【コラム】韓国が先進国入りを果たすための最終電車

 ドイツと日本を先頭にリードした革新技術の故郷は、英国だ。革新技術は、主流と既得権が掌握している中心部ではなく、その周囲から出現する。企業家たちは、新しい設備投資が必要な革新技術に代わって、過去のやり方に安住しやすい。1850年代頃、英国に出現した製鉄と紡織分野の革新技術が、こうした不遇な立場に置かれることになったのだ。ドイツと日本は故郷で冷遇された革新技術を果敢に取り入れ、「後発の利点」を最大限に発揮した。ドイツと日本の乗り込んだ自動車が、先進国入りする最終電車だった。

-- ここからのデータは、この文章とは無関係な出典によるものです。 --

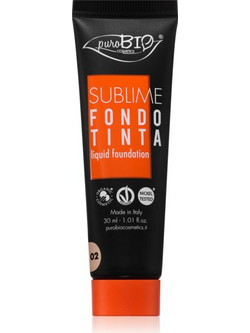 Purobio Sublime Fluid Liquid 6 Foundation 02 30ml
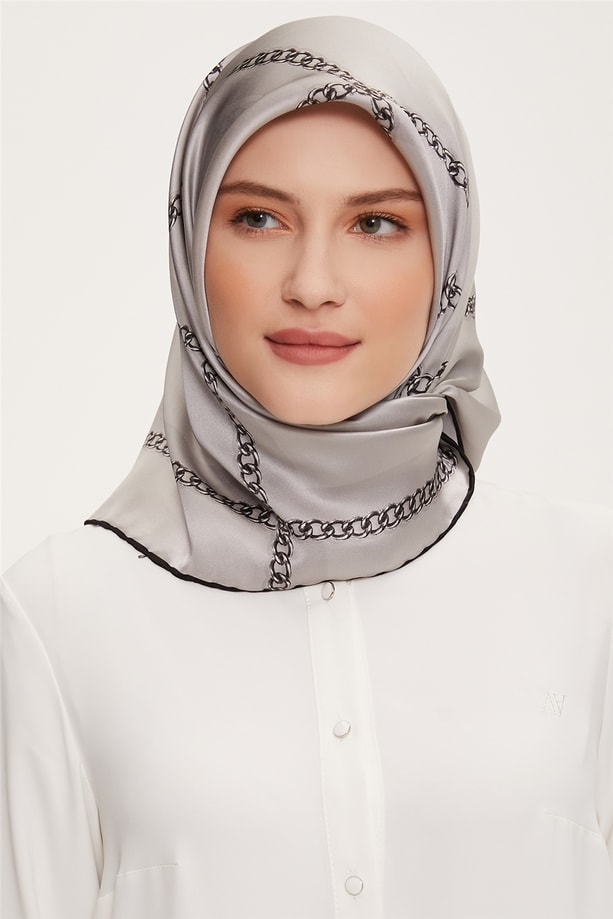 Armine Twill İpek Eşarp 22Ka3227 04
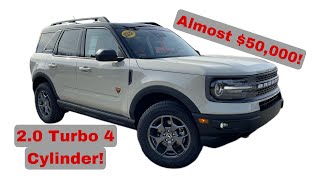 2024 Ford Bronco Sport Badlands POV Test Drive amp Review [upl. by Areic103]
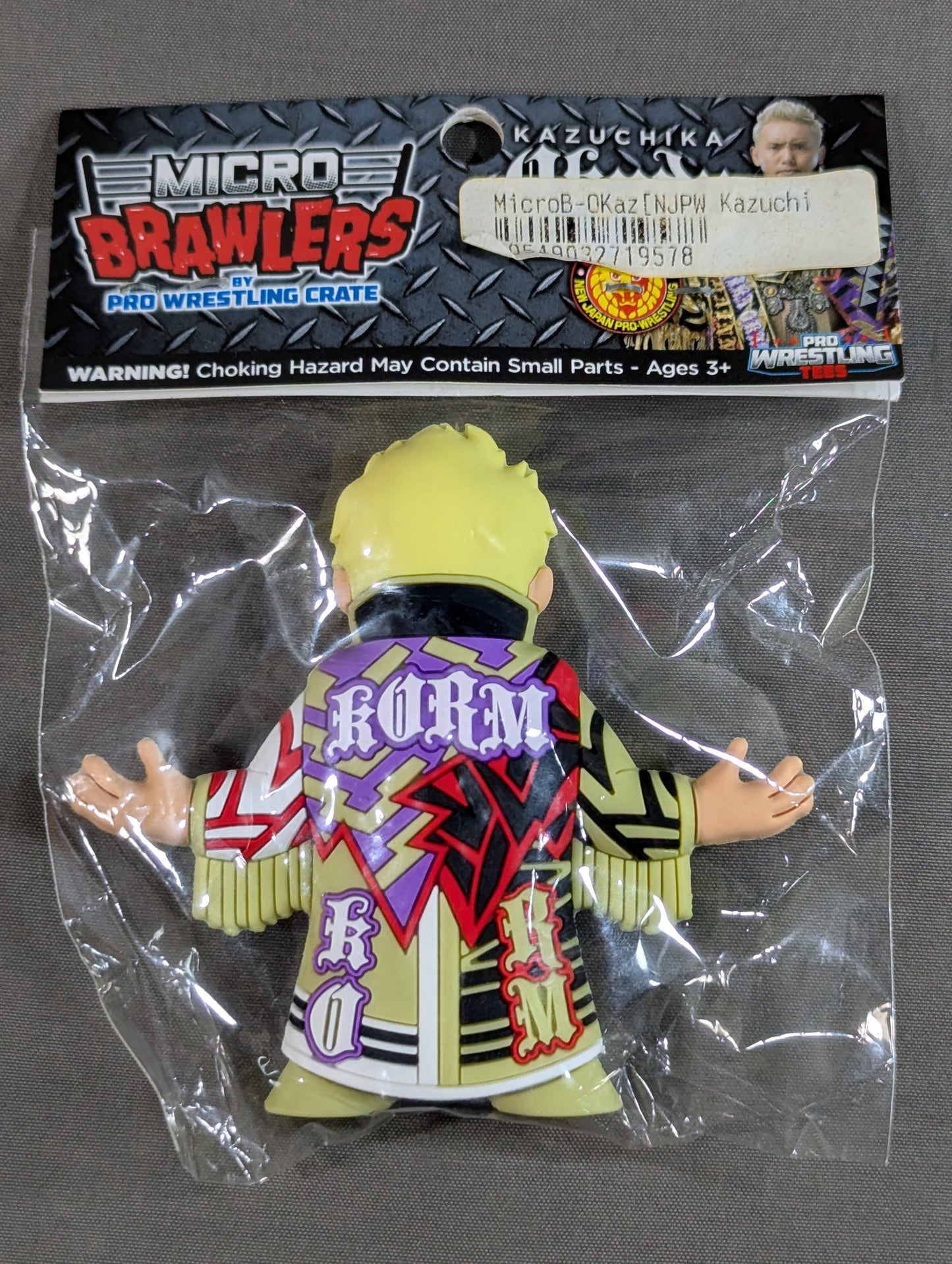 MICRO BRAWLERS オカダ・カズチカ ミニフィギュア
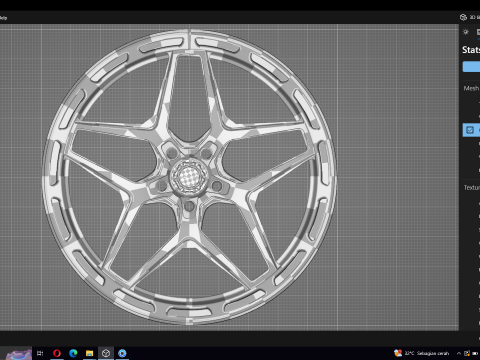 Power Wheels MS017 3D Model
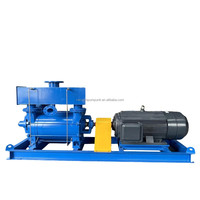 Pompe à vide à anneau liquide FORYOU de grande capacité, fabriquée en Chine, 2Be, 10 CV, haute pression, eau de circulation pour l'industrie de la filtration
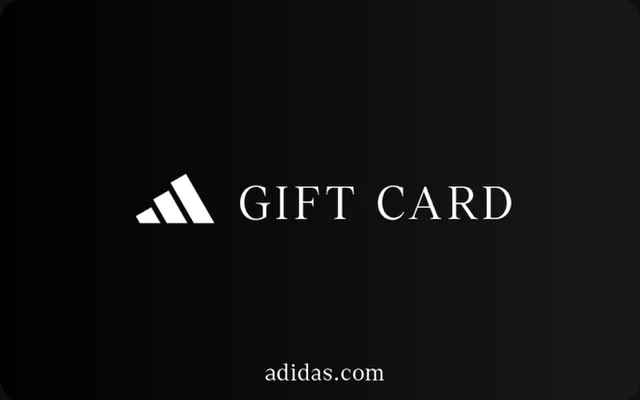 Adidas Gift Card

 技術の世界では、効率と非効率、効果と逆効果の差がいち早く現われる。道を間違えたことに気付いたら、車を元の位置に戻すのは容易い。問題は制度にある。多くの後発国家が国のフレームと運営方法を決める制度という障害物に引っ掛かり、そして挫折する。制度は、実施してみるまで欠陥が表に現れない。副作用もゆっくりと現われる。猛烈な痛みも感じないため、自覚症状もない。何だかコンディションが良くないなと感じた時は、すでに病が全身に広がっているのだ。

 制度が恐ろしいのは、中毒症状を誘発するためだ。ギリシャとベネズエラのケースは、誤った制度による弊害を物語っている。一時は「天国に一番近い国」と呼ばれた国なだけに、国民の苦痛も大きかった。ベネズエラは石油埋蔵量が最も多い国、ギリシャは先祖のおかげで観光収入が面白いように入って来る国だ。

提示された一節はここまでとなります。